<<<<

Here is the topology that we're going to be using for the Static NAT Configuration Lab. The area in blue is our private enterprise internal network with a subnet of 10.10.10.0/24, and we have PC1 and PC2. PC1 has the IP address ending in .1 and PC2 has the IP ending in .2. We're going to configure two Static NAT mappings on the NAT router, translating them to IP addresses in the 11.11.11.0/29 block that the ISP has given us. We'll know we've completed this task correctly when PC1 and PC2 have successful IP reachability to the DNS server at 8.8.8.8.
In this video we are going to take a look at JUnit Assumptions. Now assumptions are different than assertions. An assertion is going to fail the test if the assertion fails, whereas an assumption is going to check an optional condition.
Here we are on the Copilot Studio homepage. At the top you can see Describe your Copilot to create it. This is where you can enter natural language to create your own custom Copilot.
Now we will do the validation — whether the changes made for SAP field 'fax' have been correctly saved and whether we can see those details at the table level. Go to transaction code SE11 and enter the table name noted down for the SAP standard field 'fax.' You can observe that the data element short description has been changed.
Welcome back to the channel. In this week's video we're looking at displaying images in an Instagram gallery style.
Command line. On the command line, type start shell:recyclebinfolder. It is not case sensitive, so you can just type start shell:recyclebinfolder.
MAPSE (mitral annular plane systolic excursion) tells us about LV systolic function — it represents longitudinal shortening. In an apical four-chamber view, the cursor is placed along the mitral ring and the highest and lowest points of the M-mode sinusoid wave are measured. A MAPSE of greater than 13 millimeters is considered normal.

>>>>
<<<<

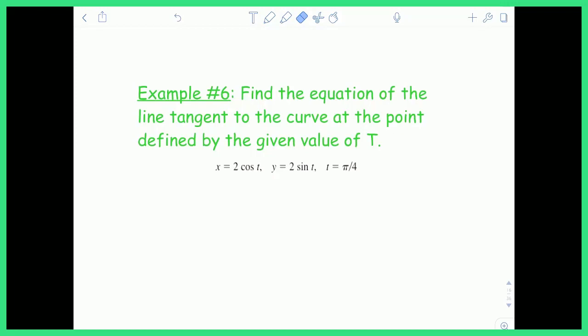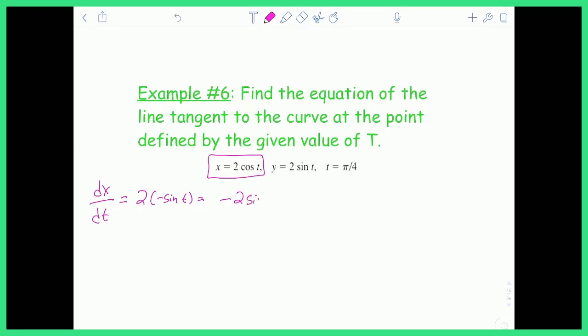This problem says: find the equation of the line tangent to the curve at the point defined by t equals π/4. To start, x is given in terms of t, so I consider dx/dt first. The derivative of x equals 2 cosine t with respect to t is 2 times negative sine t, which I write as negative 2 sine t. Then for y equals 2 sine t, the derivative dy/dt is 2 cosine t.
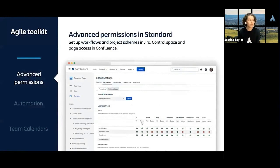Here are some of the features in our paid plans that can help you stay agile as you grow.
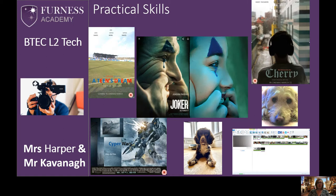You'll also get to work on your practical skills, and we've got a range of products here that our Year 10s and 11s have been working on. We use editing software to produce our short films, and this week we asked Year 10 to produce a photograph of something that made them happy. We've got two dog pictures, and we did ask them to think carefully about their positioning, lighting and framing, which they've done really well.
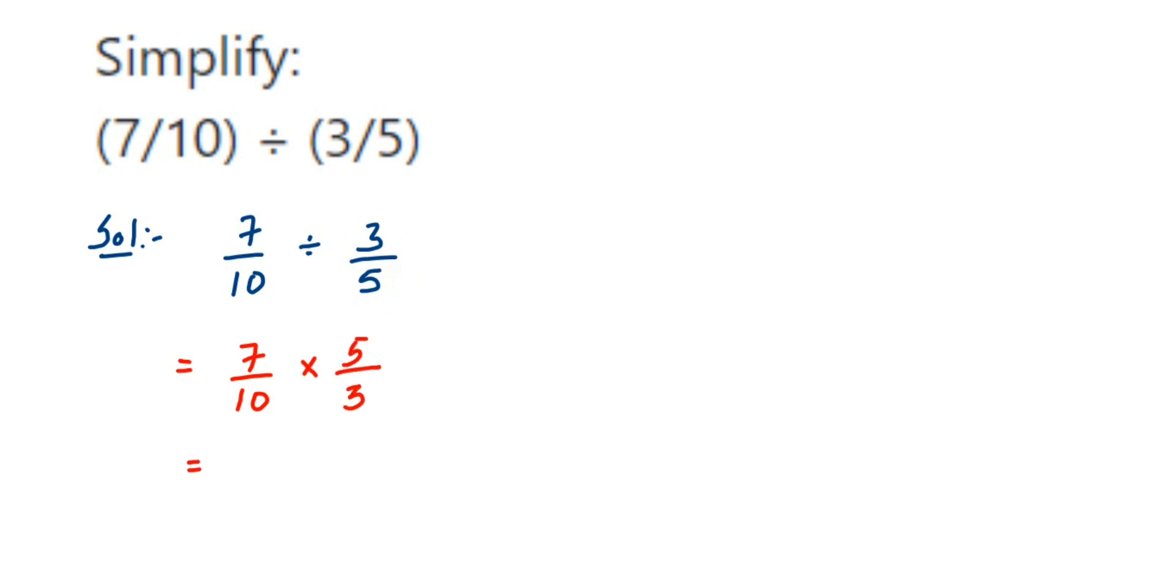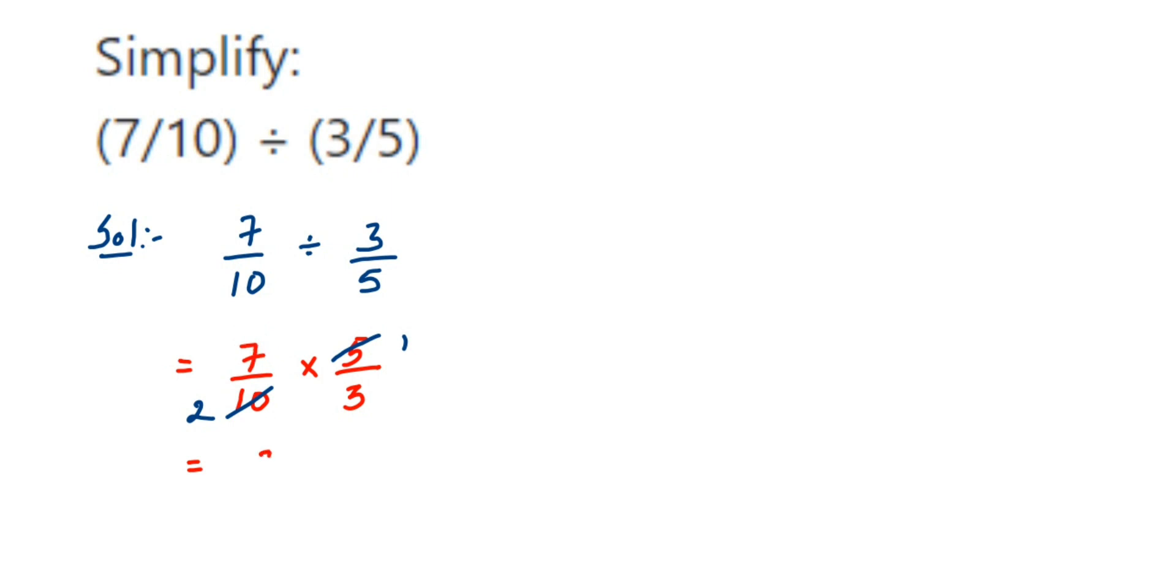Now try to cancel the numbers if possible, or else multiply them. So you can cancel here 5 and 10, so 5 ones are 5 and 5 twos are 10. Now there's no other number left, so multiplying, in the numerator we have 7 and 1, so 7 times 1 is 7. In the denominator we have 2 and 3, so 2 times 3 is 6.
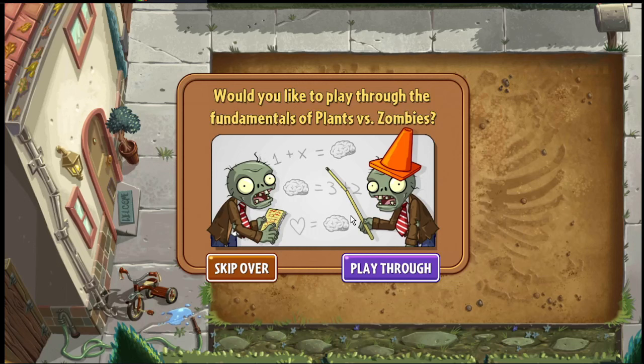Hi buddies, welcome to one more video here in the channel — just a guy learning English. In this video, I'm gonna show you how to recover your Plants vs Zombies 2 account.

>>>>

### [Task instructions]
From the entries above, print the lines beginning at the one with "Here is the" and stopping after the one with "Command line. On", exactly as written and with nothing else.

### [Answer section]
Here is the topology that we're going to be using for the Static NAT Configuration Lab. The area in blue is our private enterprise internal network with a subnet of 10.10.10.0/24, and we have PC1 and PC2. PC1 has the IP address ending in .1 and PC2 has the IP ending in .2. We're going to configure two Static NAT mappings on the NAT router, translating them to IP addresses in the 11.11.11.0/29 block that the ISP has given us. We'll know we've completed this task correctly when PC1 and PC2 have successful IP reachability to the DNS server at 8.8.8.8.
In this video we are going to take a look at JUnit Assumptions. Now assumptions are different than assertions. An assertion is going to fail the test if the assertion fails, whereas an assumption is going to check an optional condition.
Here we are on the Copilot Studio homepage. At the top you can see Describe your Copilot to create it. This is where you can enter natural language to create your own custom Copilot.
Now we will do the validation — whether the changes made for SAP field 'fax' have been correctly saved and whether we can see those details at the table level. Go to transaction code SE11 and enter the table name noted down for the SAP standard field 'fax.' You can observe that the data element short description has been changed.
Welcome back to the channel. In this week's video we're looking at displaying images in an Instagram gallery style.
Command line. On the command line, type start shell:recyclebinfolder. It is not case sensitive, so you can just type start shell:recyclebinfolder.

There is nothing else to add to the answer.